Monday, March 29, 2010

Colleges without administrators; colleges without faculty

We are at a funny time in the history of higher education, where our current conditions--high cost, uncertainty about the depth and breadth of student learning, very complex institutions, unrest about traditional roles, and new technologies--might push higher ed in two opposite directions at the same time.

In one direction, we might see more "colleges" created and run solely by faculty. These would be small institutions, with limited curricula, and teaching much more on the model of mentorship or apprenticeship that flourished earlier in the history of higher ed (think Oxford, or even earlier, think Socrates). If one of these colleges ever got too large, faculty could just form a new one, perhaps using the model of growth favored by WL Gore and Associates, where if a factory or work group has over 120 employees, then a new one forms.

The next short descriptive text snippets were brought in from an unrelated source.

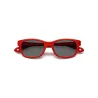 POLAROID K006/S 205733 RED | ESENNIA
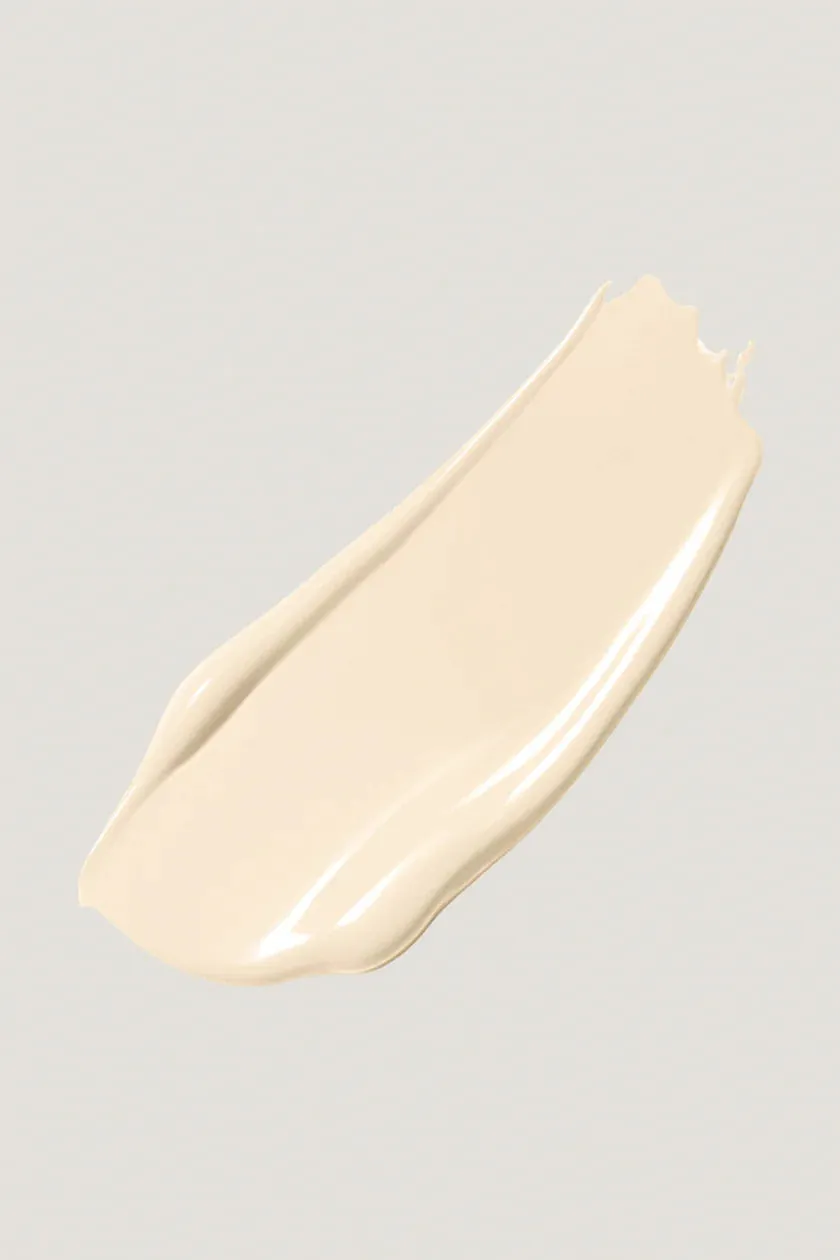 Zero Makeup - Liquid Foundation SNOW 00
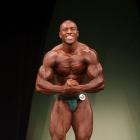 Jobar  Boston - NPC Dexter Jackson Classic 2012 - #1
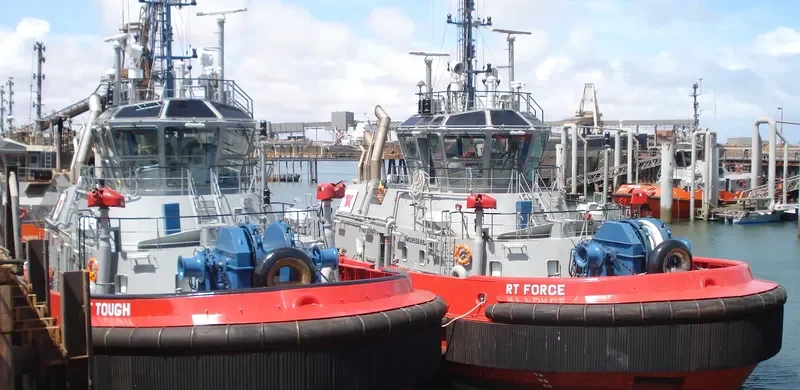 RT FORCE General Cargo IMO 9556882 photo 2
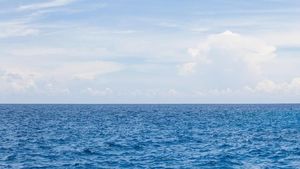 8 Fakta Point Nemo, Tempat Paling Sulit Didatangi di Bumi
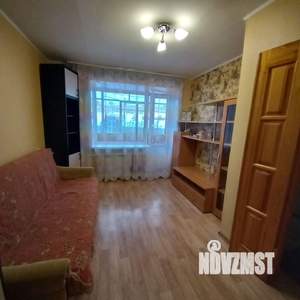 1-к квартира, на длительный срок, 21м2, 3/10 этаж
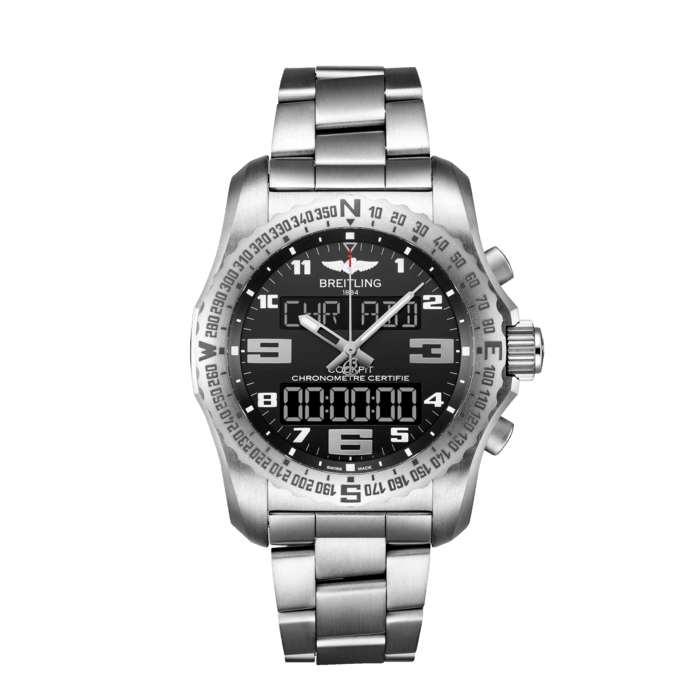 brad pitt patek philippe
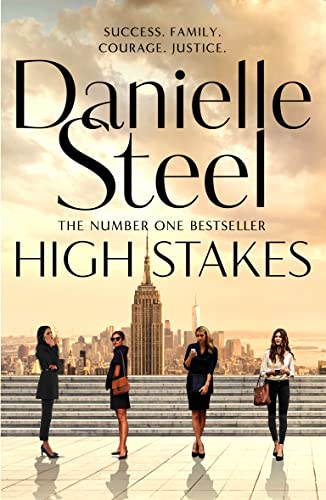 High Stakes: Danielle Steel von MACMILLAN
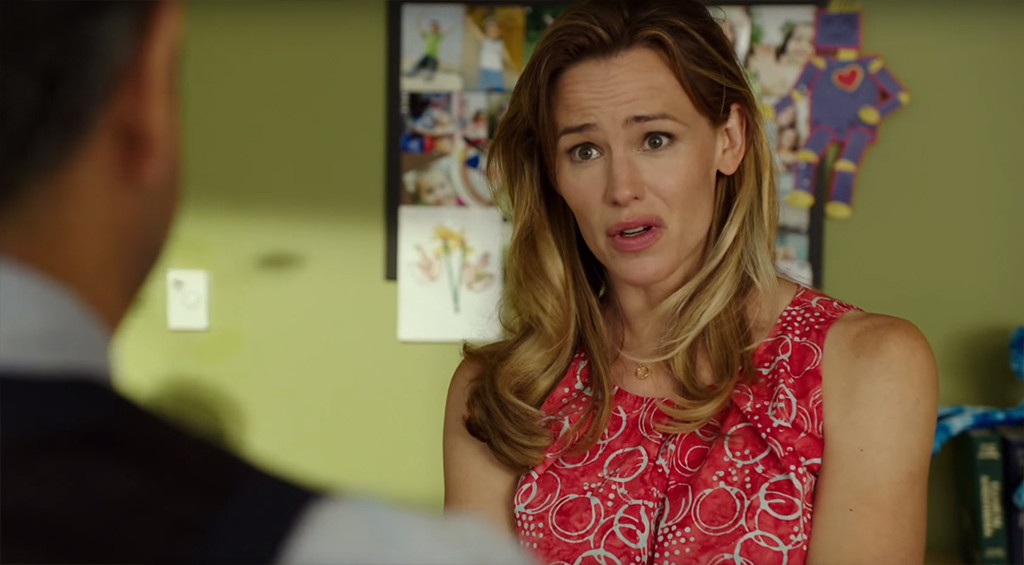 Miracles From Heaven from Jennifer Garner's Best Roles | E! News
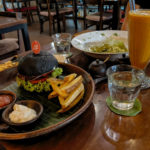 Bali Buda Cafe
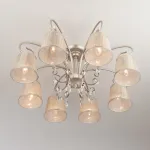 Потолочная люстра 60065/8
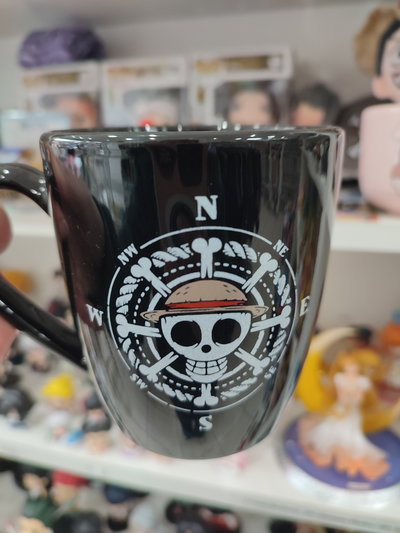 Taza One Piece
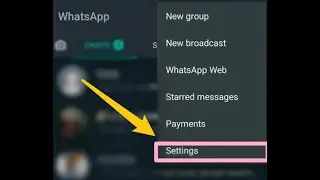 How To Turn Off WhatsApp Calls | Disable WhatsApp Calls 2022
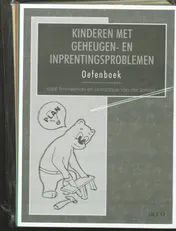 Omslag van Oefenboek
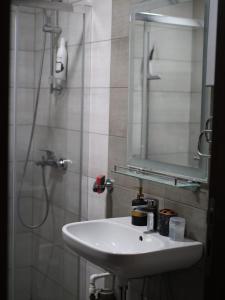 Apartman Gray 82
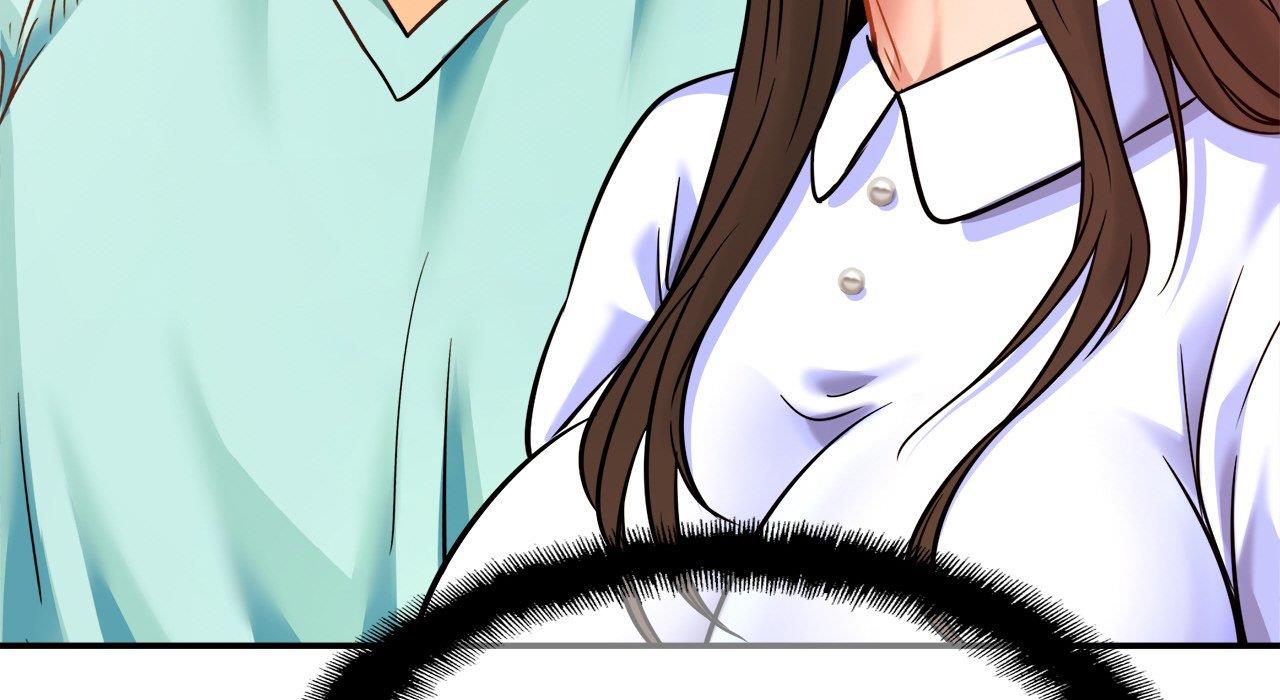 [韩国漫画] 相亲相爱一家人/亲密一家人 剧情,熟女人妻,不伦#[217P]-144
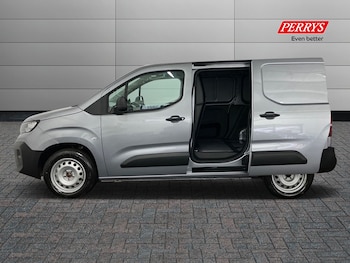 Used Peugeot Partner 2025 for sale - 76905669: Photo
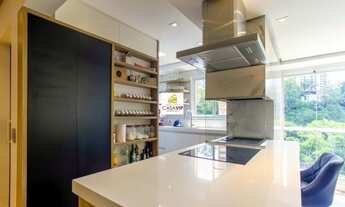 Imagem 6: Apartamento à venda, Vila Andrade, 77m², 2 suítes, 2 vagas!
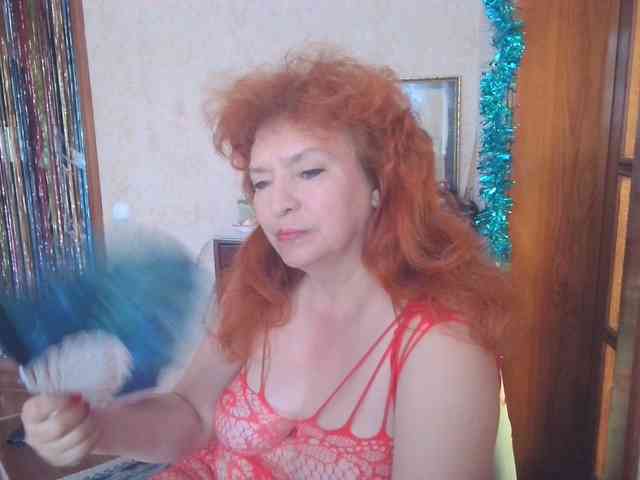 LadaMay webcam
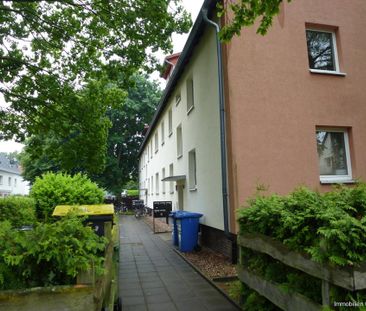 Wunderschöne Dachgeschosswohnung Nähe Nibelungenplatz in Braunschwe... - Photo 3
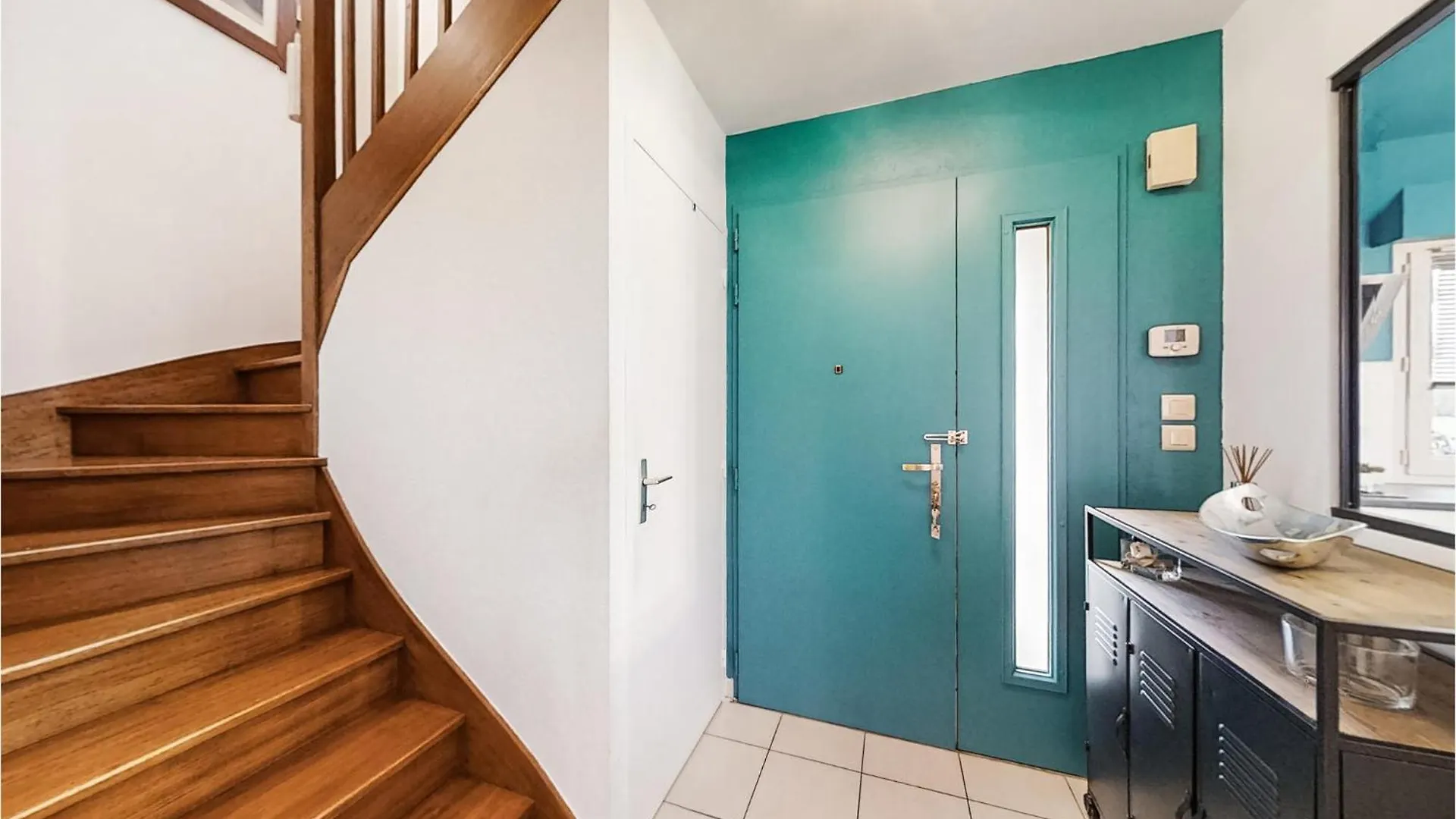 Awesome Home In Saint-Malo With Kitchen 0*,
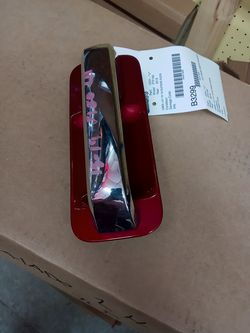 '15-'19 FORD F-150 OUTSIDE DOOR HANDLE LH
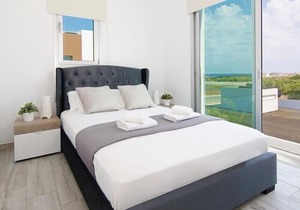 Vacation home KPALAA18 in Pernera - 6 persons, 3 bedrooms in Pernera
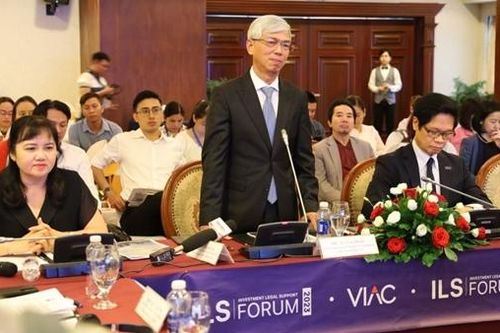 Hỗ trợ pháp lý cho nhà đầu tư trong và ngoài nước đầu tư vào TP Hồ Chí Minh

In the other direction, you can imagine institutions of higher learning where the traditional faculty no longer exists. Instead, you have a team of educators--some who design content, others pedagogy, others assessment, and others still who coach students who together ensure the delivery of courses and the assessment of student learning. Here it would be like taking the model of Western Governor's University to its furthest end.

Given that each of these options seem viable (setting aside the problem of accreditation for a minute) which do you suppose is more likely to flourish? To lead to student learning? Do these two possibilities suggest anything about the particular ills of higher ed and the solutions to them?